Move on! There's nothing to see here, but we must insist you go away because, between you and me, there is something to see here
In northern Wisconsin, where environmentalists and native tribes are doing political and legal battle with Walkerite Republicans who have deregulated the state's mining review laws, an odd juxtaposition occurred this week. Gogebic Taconite, a Florida firm, is planning to dig a ginormous open-pit iron ore mine miles long and a thousand feet deep in the Lake Superior watershed, slashing through absolutely stunning forests dotting the Penokee Hills in Iron County.
Now here's the juxtaposition:
First, we have the privately owned woodlands the mine would replace.

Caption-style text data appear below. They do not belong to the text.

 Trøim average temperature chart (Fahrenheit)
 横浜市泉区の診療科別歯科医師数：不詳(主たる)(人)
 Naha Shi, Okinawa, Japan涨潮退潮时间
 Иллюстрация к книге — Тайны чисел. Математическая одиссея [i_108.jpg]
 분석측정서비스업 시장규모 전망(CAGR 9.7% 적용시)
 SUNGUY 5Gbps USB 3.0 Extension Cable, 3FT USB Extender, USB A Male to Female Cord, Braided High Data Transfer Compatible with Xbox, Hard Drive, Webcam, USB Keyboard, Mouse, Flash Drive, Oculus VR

Those woodlands are open to the public thanks to a Wisconsin law that cuts the owner's property taxes drastically in exchange for allowing taxpayers to hike through, which is exactly what citizens are doing in droves as they inspect what the mining company is up to, and this placid, lovely place of nature the firm intends to destroy.

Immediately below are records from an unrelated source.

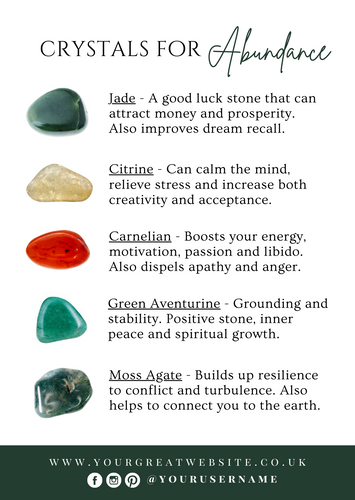 Abundance Crystal Kit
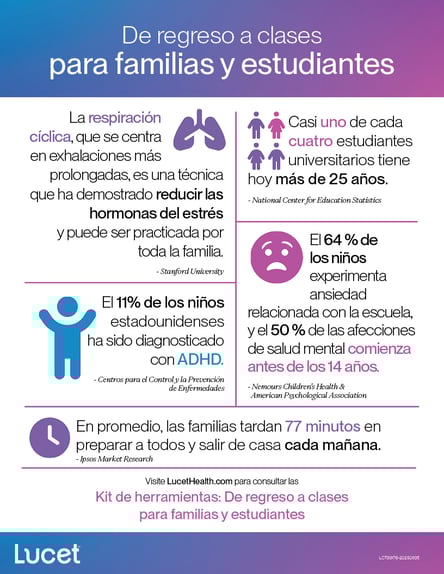 De regreso a clases para familias y estudiantes | Infografía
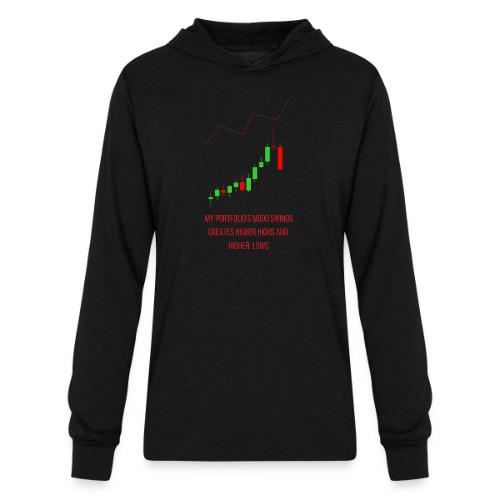 Technical Analysis Trading T-Shirt| Sarcastic - Unisex Long Sleeve Hoodie Shirt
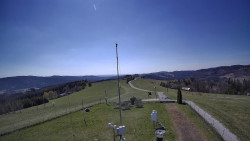 Troják, Maruška - meteo stanice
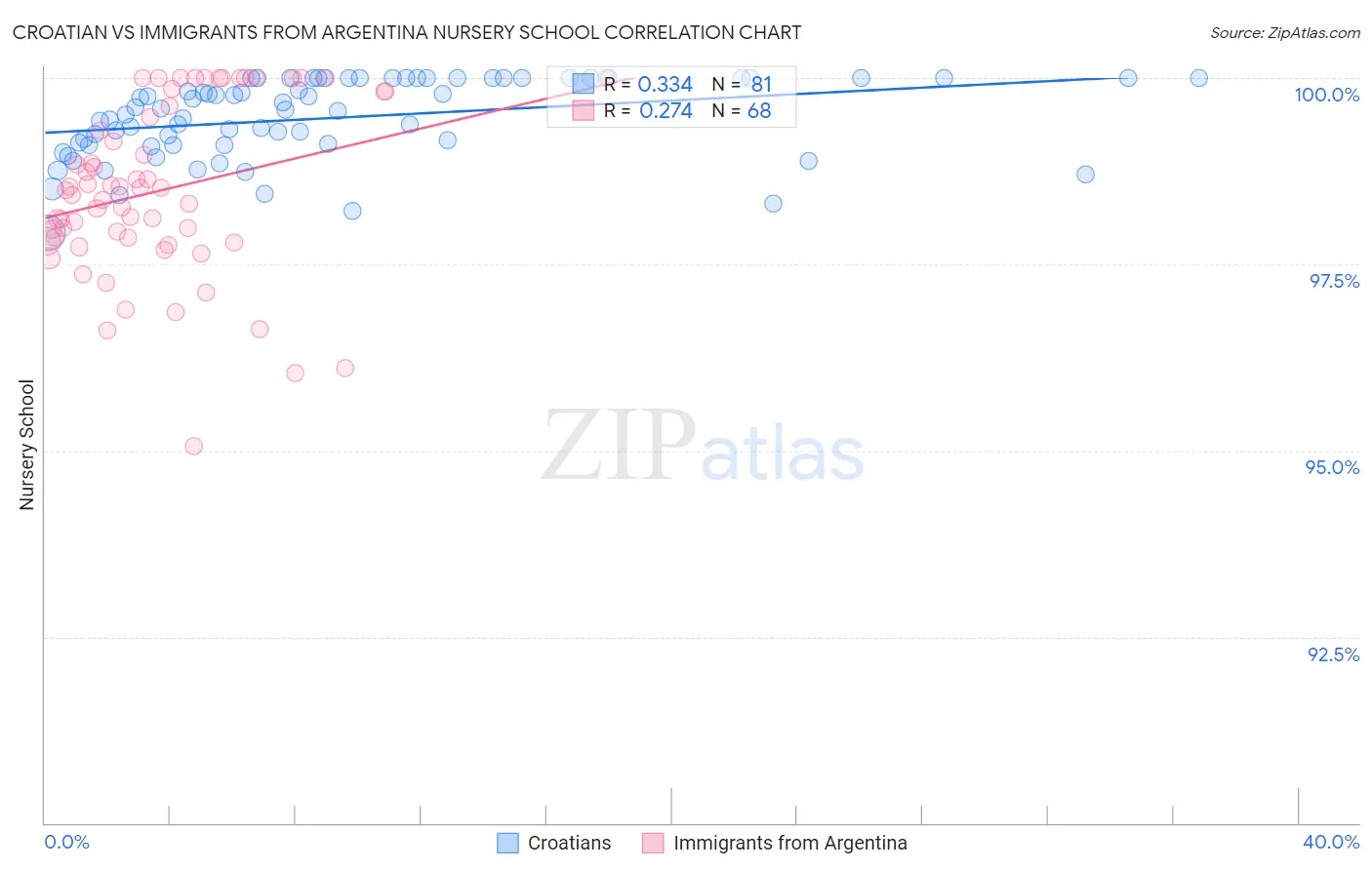 Croatian vs Immigrants from Argentina Nursery School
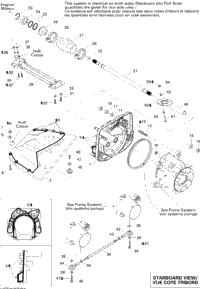 Propulsion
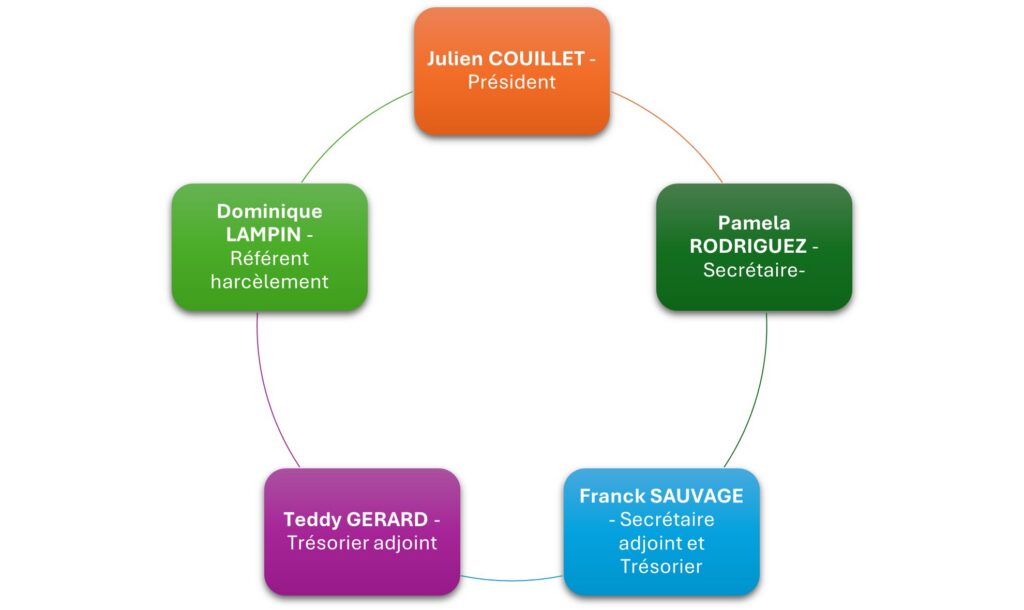 Organigramme CSE BPS ARTOIS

Evidently, such traipsing about the controversial mine site can't be allowed by the elites, so state legislators are pledging to pass a law preventing the public from going on the property -- tax breaks perhaps even to be retained. [The current law would allow the mining company to seal its property from public use right now, but the firm would have to repay all its property tax breaks. Not good enough for bizmo-freaks, apparently.]
The excuse for these draconian measures is that a handful of protesters on one occasion allegedly vandalized mining company equipment. A single protester was arrested and charged, so of course now all protesters and indeed anyone who lawfully hikes through the mine property -- however peaceful and lawful they may act -- are now, in county and state government view, regarded pretty much as potential terrorists. Can you say "red herring," boys and girls?

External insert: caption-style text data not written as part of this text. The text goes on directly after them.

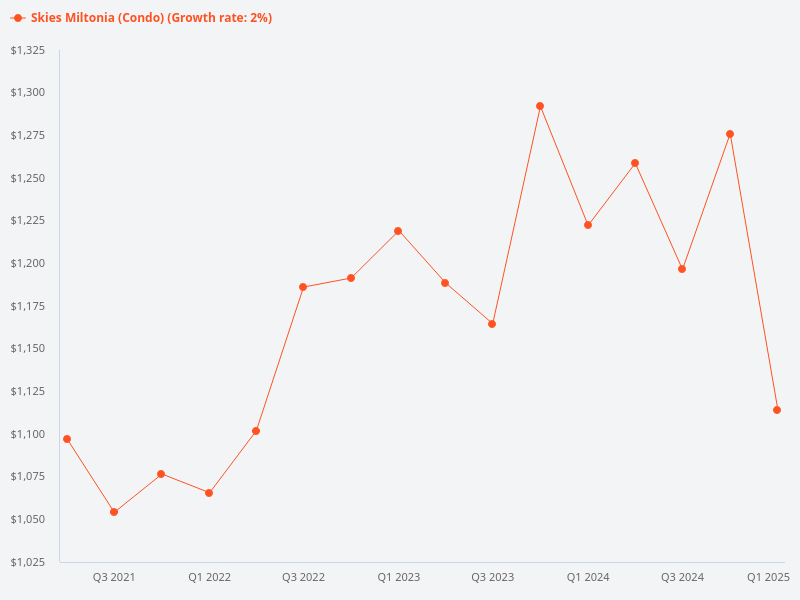 Compare the price trend for Skies Miltonia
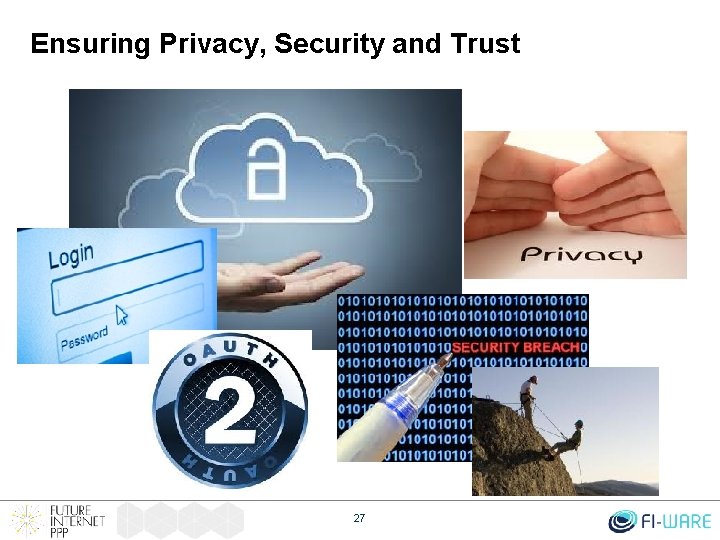 Ensuring Privacy, Security and Trust 27 
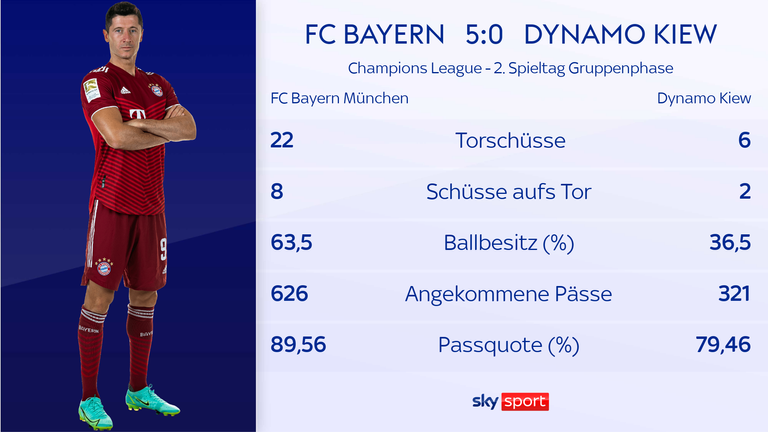Der FC Bayern schlägt Dynamo Kiew am 2. Spieltag der Champions League Gruppenphase mit 5:0.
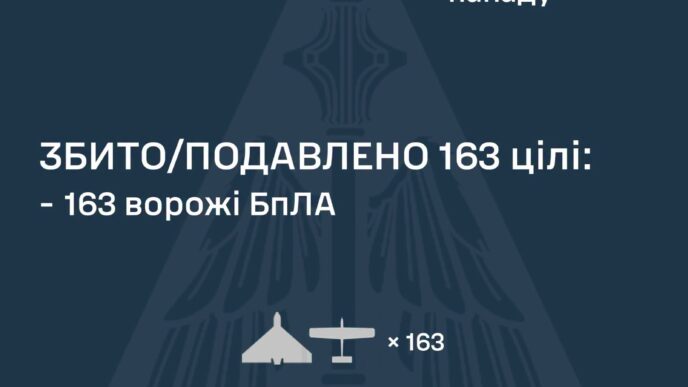 Російська атака 181 безпілотника: ППО знищила 163 цілі 27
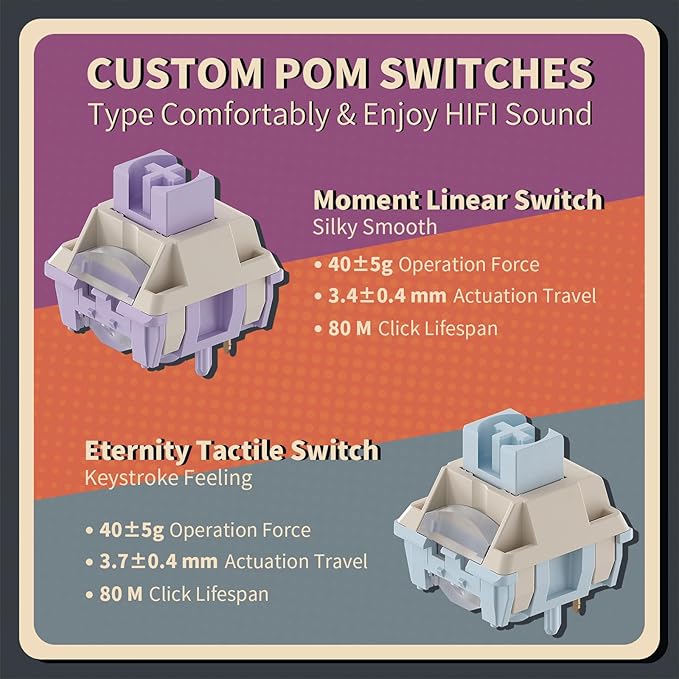 K75 PRO RGB 75% Wireless Gasket Mechanical Keyboard, Triple Mode BT 5.0/2.4G/USB-C 82 Keys Hot Swappable Gaming Keyboard w/Knob & Power Display, Custom Linear Switches, Mousse Brown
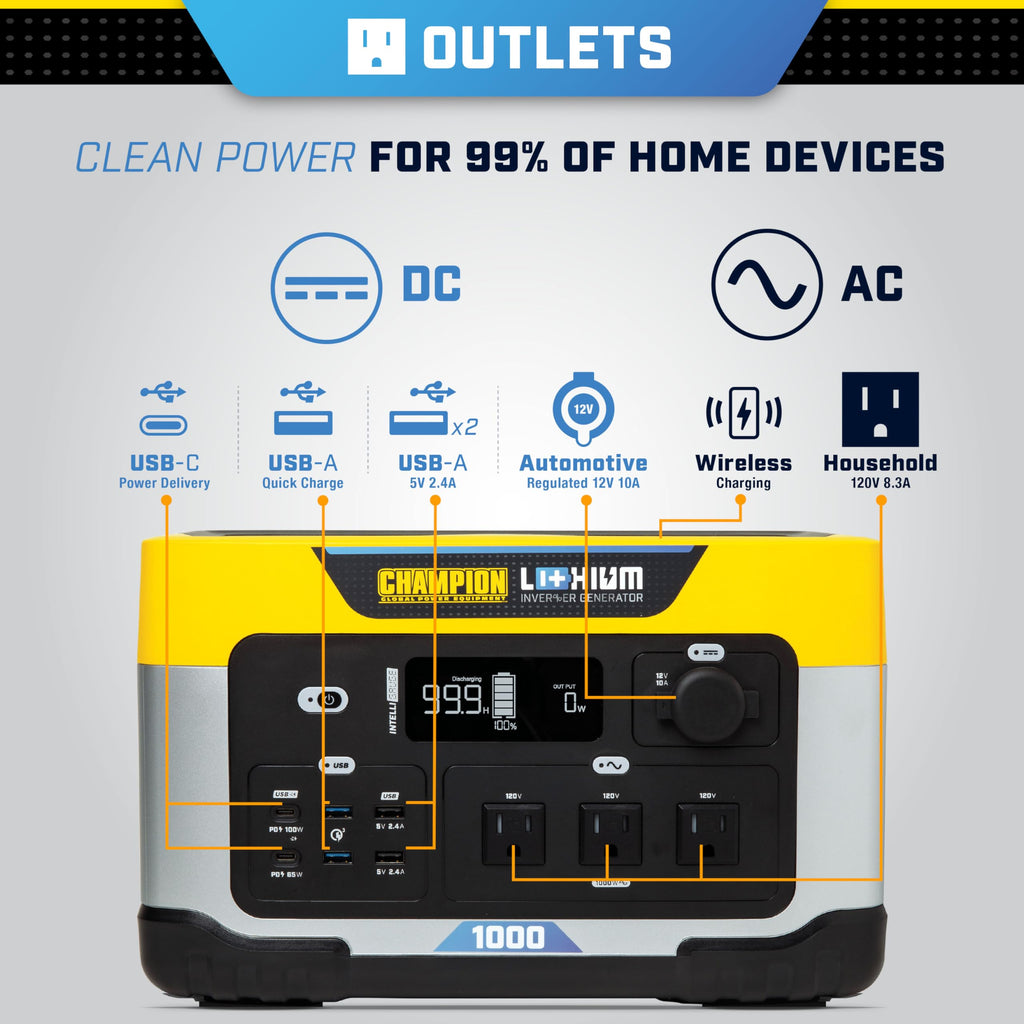 Champion Power Equipment 998-Wh Portable Solar Power Station and Two 200-Watt Solar Panels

Which, in turn, explains why Gogebic felt the need to bring in camouflaged, military-style security troops with assault rifles to guard the place, until it was learned the private security firm had no license to operate in Wisconsin.
But the situation has become even more absurd. A lot more absurd.
Across a highway from the forest where the mine would be dug, protesters and other mine observers a couple weeks back set up a camp on county-owned forest land. The camp was organized by the Lac Courte Oreilles band of Lake Superior Chippewa, whose reservation lies downstream from the proposed mine and who are naturally concerned that their wild rice fields and, oh, right, their entire way of life are endangered by the project. Not to mention the threat to pristine Lake Superior itself. [Remember: This mine will in places be as deep as that very, very deep lake.]
Iron County's corporation counsel -- who evidently is only concerned about a small part of the forest that the county owns -- complains that the camp has exceeded a two-week limit for such gatherings. You see, all those camping humans tromping around might, in his officious mind destroy the beauty of the forest! However, nearby, an iron-ore mine that would turn square miles of forest into a dangerous, dead, deep pit, gashing the earth like a mini-Grand Canyon and leaving it barren and acidic forever? Apparently, not to worry! Because ... jobs!
And there you have it: Beautiful forests and hills, teeming with wildlife with camping sites and trails for all to use, versus: a moonscape. Let's go with the moonscape, why don't we?
As novelist Kurt Vonnegut surely would have said were he around to see this tragedy in the making: So it goes.